JUSTICEUn policier prend 18 mois de prison pour avoir frappé une « gilet jaune »

Strasbourg : Un policier condamné à dix-huit mois de prison pour avoir matraqué une « gilet jaune »

JUSTICEIl aura aussi interdiction de porter une arme pendant cinq ans
Thibaut Gagnepain

Thibaut Gagnepain

L'essentiel

  • Un gardien de la paix de 47 ans a été condamné à dix-huit mois de prison avec sursis ce mardi par le tribunal correctionnel de Strasbourg. Il a été reconnu coupable d’avoir frappé, à l’aide d’une matraque, une « gilet jaune » lors d’une manifestation de janvier 2019.
  • Le tribunal est allé plus loin que les réquisitions du procureur, qui avait demandé douze mois de prison avec sursis.
  • Le gardien de la paix, qui n’a pas indiqué s’il ferait appel de cette condamnation, risque maintenant la radiation de la police.

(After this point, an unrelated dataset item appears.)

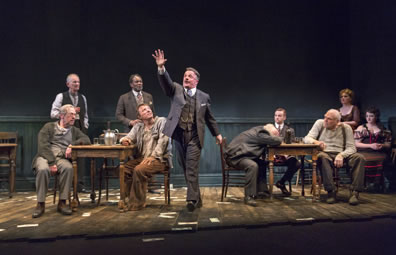 In the center, Hickey in a pinstripe three-piece suit, watch chain across his stomach, high-collar white shirt, strides with right hand upraised preaching as, on either side, the other characters watch, except Hugo asleep at his table.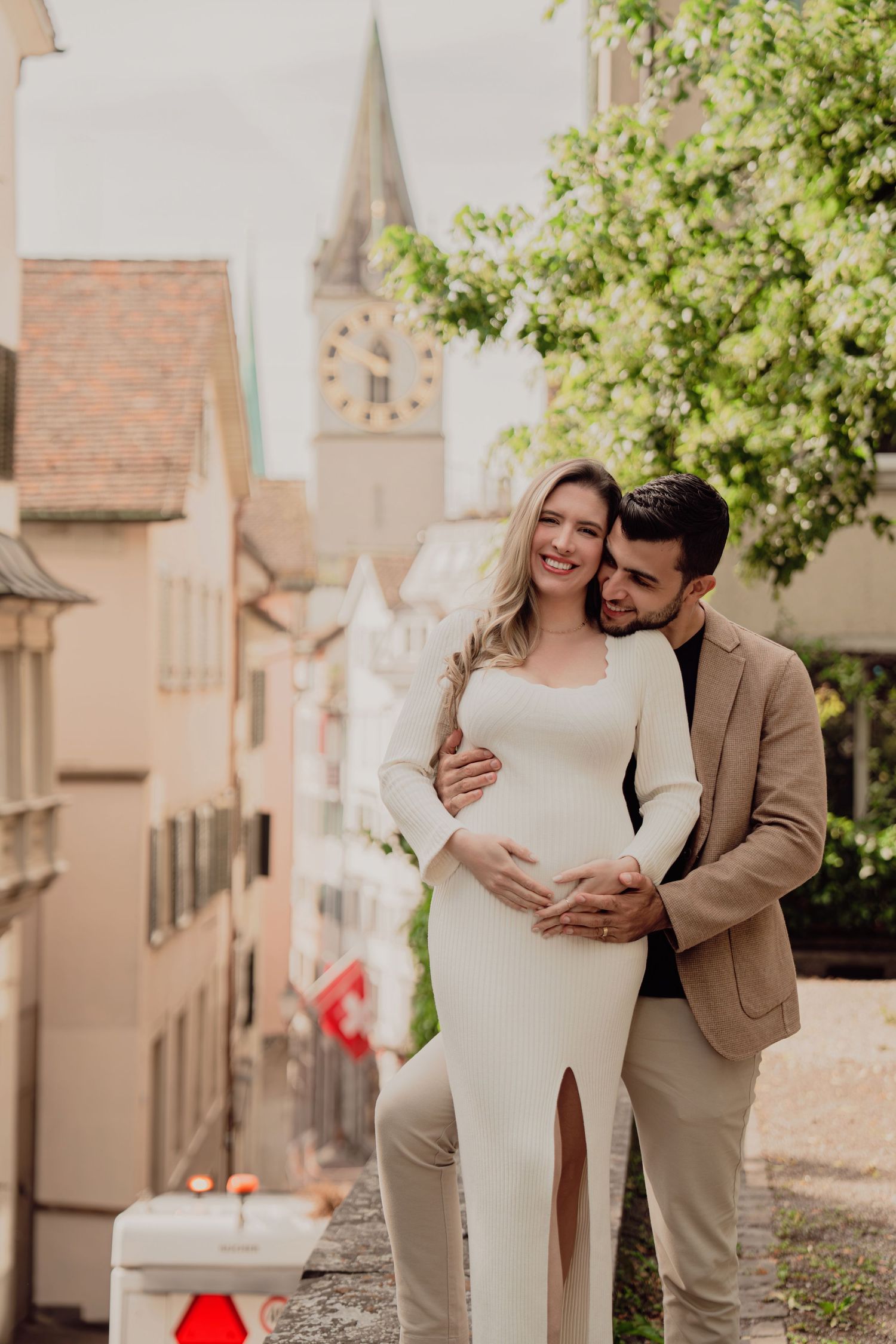 Smiling expectant couple cuddling on a scenic European street, man in tan blazer holding woman's baby bump.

Un gardien de la paix de Strasbourg a été condamné ce mardi à dix-huit mois de prison avec sursis par le tribunal correctionnel de la capitale alsacienne. Il a été reconnu coupable d’avoir blessé, avec une matraque, une « gilet jaune » lors de la manifestation du 12 janvier.

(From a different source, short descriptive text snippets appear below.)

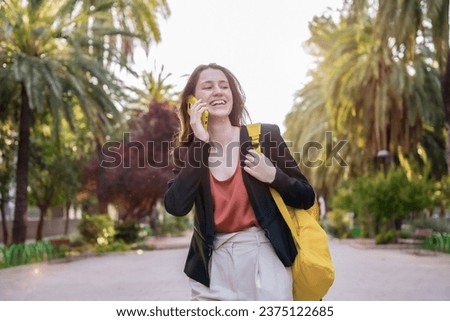 Frontal portrait of a happy woman using phone walking in a park
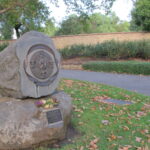 Image: stone memorial with bronze face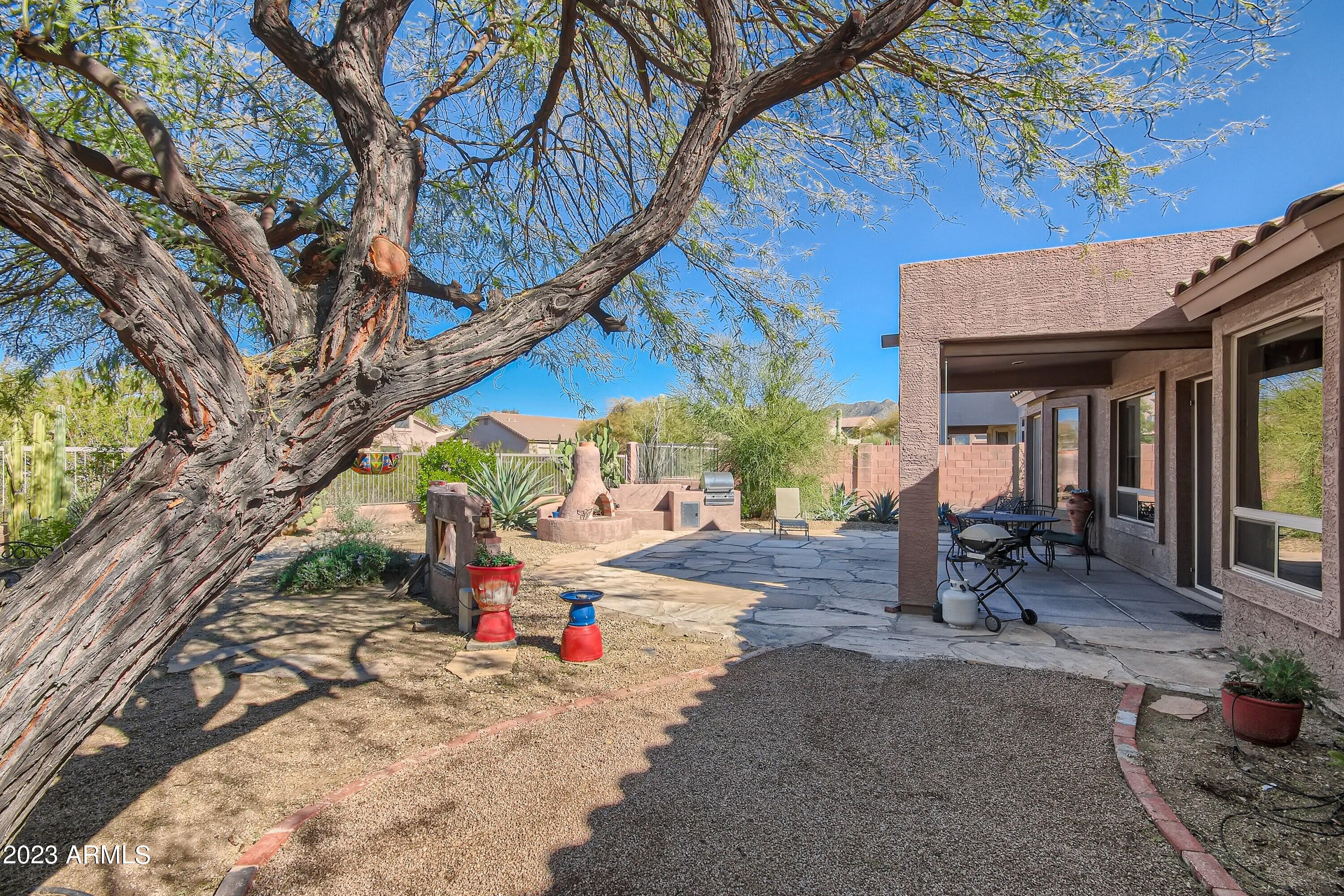 3060 North Ridgecrest, Unit 175 Mesa, AZ 85207 - Photo 26 of 28 a house view with a sitting space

Ce jour-là, le policier lui avait assené au moins un coup derrière la tête. La victime, une retraitée de 62 ans qui marchait à l’aide d’une béquille, avait reçu 11 points de suture. Les faits ont été confirmés par les images des caméras de vidéosurveillance, projetées à l’audience.

On y voit le prévenu arriver à toute vitesse au volant du fourgon de tête d’une colonne. Il en descend très rapidement, sans même prendre le temps de mettre son casque, avant donc d’aller frapper Marlène Lutz. Combien de fois ? Le procureur, Alexandre Chevrier, a indiqué avoir distingué deux coups de matraque et « un voire deux coups de pied ».

« Une volonté absurde d’en découdre à ce moment-là »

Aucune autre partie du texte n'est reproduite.